- **Recorded information**:
----------

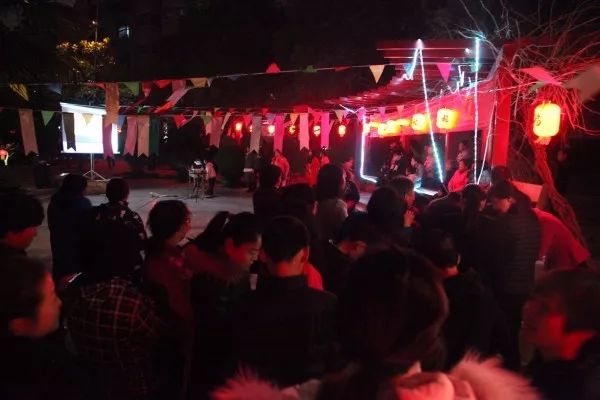 龍鋼集團公司舉辦2018年“歡樂鬧元宵 助力開門紅”元宵節(jié)活動 龍鋼集團公司舉辦2018年“歡樂鬧元宵 助力開門紅”元宵節(jié)活動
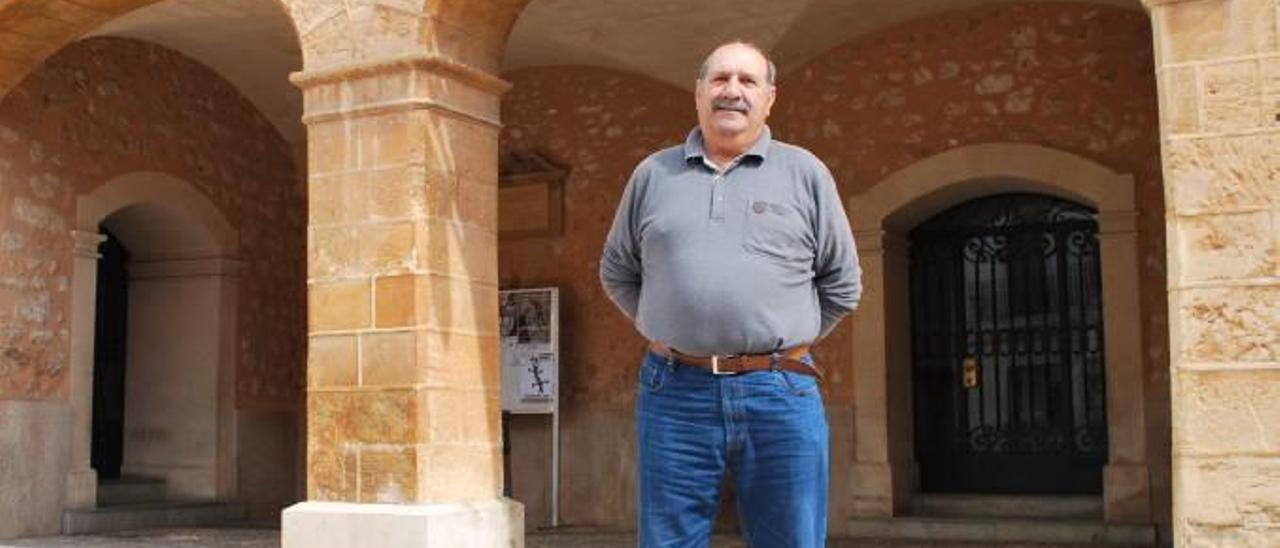 Barceló posa para este periódico frente al ayuntamiento de Campos, su segunda casa.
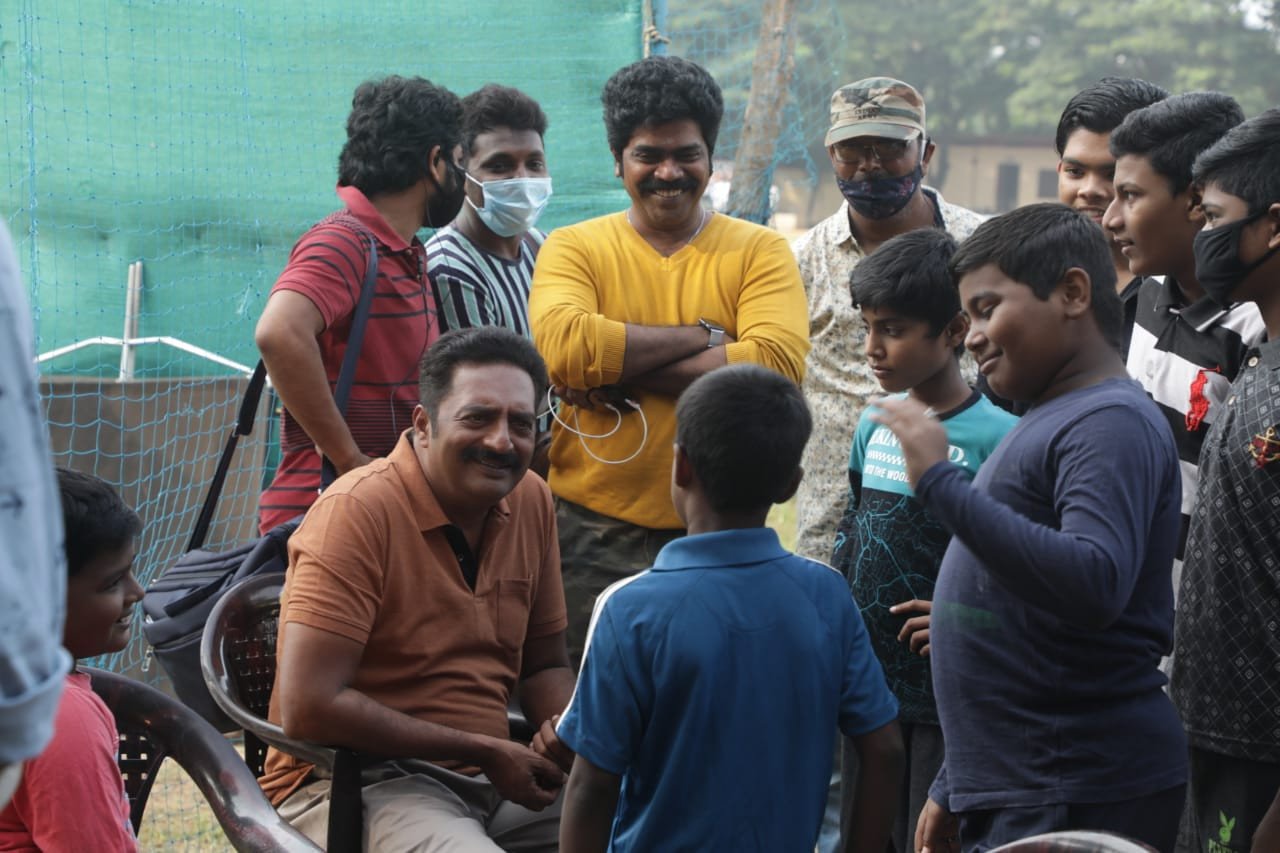 Clap still 3
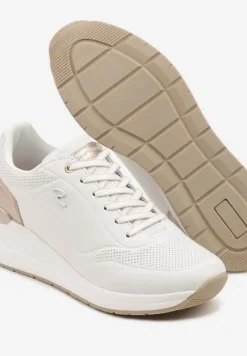 Białe Sneakersy na Koturnie Zdobione Tłoczeniami i Aplikacją Marovea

----------

- **Problem to solve**: Here the lines from the one with "Clap still 3" through the last line of the data above need to be repeated exactly, both included, and any picture omitted.

- **Exercise answer**:
 Clap still 3
 Białe Sneakersy na Koturnie Zdobione Tłoczeniami i Aplikacją Marovea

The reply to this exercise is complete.